# Capstone Project - The Battle of the Neighborhoods (Week 1)
### Applied Data Science Capstone by IBM/Coursera

## Table of contents
* [Introduction: Business Problem](#introduction)
* [Data](#data)

## Introduction: Business Problem <a name="introduction"></a>

In this project we will try to find an optimal location for a restaurant. Specifically, this report will be targeted to stakeholders interested in opening an **Ramen/Sushi Restaurant** in **Manhattan**, New York.

Since there are lots of restaurants in Berlin we will try to detect **locations that are not already crowded with restaurants**. We are also particularly interested in **areas with no Ramen/Sushi restaurants in nearby**. We would also prefer locations **as close to city center as possible**, assuming that first two conditions are met.

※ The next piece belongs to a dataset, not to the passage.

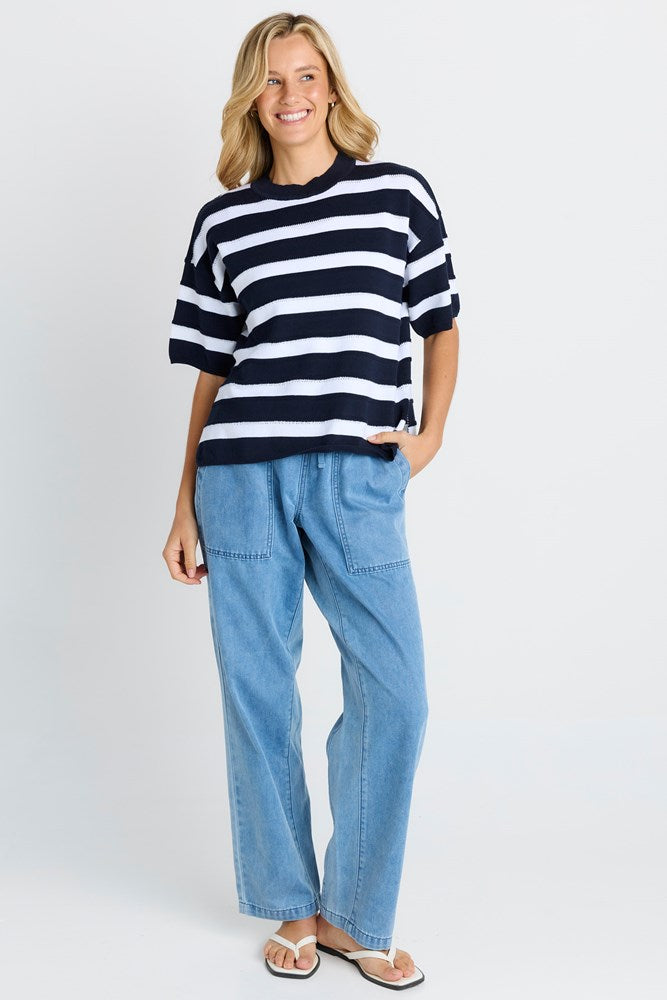 A woman modeling a navy and white horizontally striped short-sleeve knit top with light blue wide-leg jeans and white slide sandals, standing against a light gray studio background.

We will use our data science powers to generate a few most promissing neighborhoods based on this criteria. Advantages of each area will then be clearly expressed so that best possible final location can be chosen by stakeholders.

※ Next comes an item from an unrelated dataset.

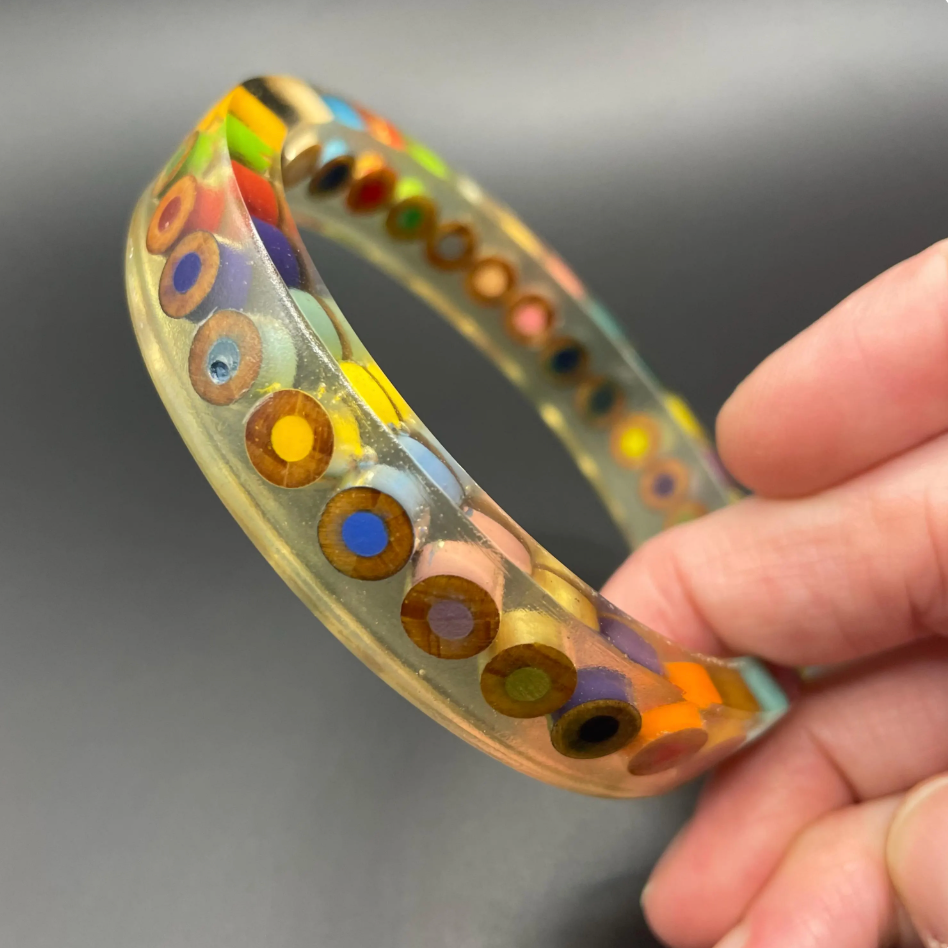 Vintage clear /apple juice tinted plastic / resin inclusion bangle enclosing slices of colouring pencils, multicoloured, handmade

## Data <a name="data"></a>

### What data is used and how will the problem be solved?
Based on definition of our problem, factors that will influence our decision are:
* number of existing restaurants in the neighborhood (any type of restaurant)
* number of to Ramen/Sushi restaurants in the neighborhood, if any

We will be completely working on Foursquare data to explore and try to locate a spot for our new ramen/sushi restaurant, as stated before, at a location that is not already crowded with similar restaurants. We will examine each neighborhood in the area of interest, and using the Foursquare API, we will explore nearby venues. In particular, we are interested in the grabbing ramen or sushi to eat.

### Importing Libraries

In [1]:
# Import libraries
import requests # library to handle requests
import pandas as pd # library for data analsysis
import numpy as np # library to handle data in a vectorized manner
import random # library for random number generation
pd.set_option('display.max_columns', None)
pd.set_option('display.max_rows', None)

#!pip install geopy
from geopy.geocoders import Nominatim # module to convert an address into latitude and longitude values

#!pip install geocoder
import geocoder

# libraries for displaying images
from IPython.display import Image 
from IPython.core.display import HTML 

from bs4 import BeautifulSoup # scraping library

# tranforming json file into a pandas dataframe library
from pandas.io.json import json_normalize
import json # JSON files manipulation

from sklearn.cluster import KMeans # clustering algorithm

# Matplotlib and associated plotting modules
import matplotlib.cm as cm
import matplotlib.colors as colors
import matplotlib.pyplot as plt

#! pip install folium==0.5.0
import folium # plotting library

print('Folium installed')
print('Libraries imported.')

Folium installed
Libraries imported.


### Importing NY Neighborhood Data

In [2]:
with open('newyork_data.json') as json_data:
    newyork_data = json.load(json_data)

neighborhoods_data = newyork_data['features']

In [3]:
# define the dataframe columns
column_names = ['Borough', 'Neighborhood', 'Latitude', 'Longitude'] 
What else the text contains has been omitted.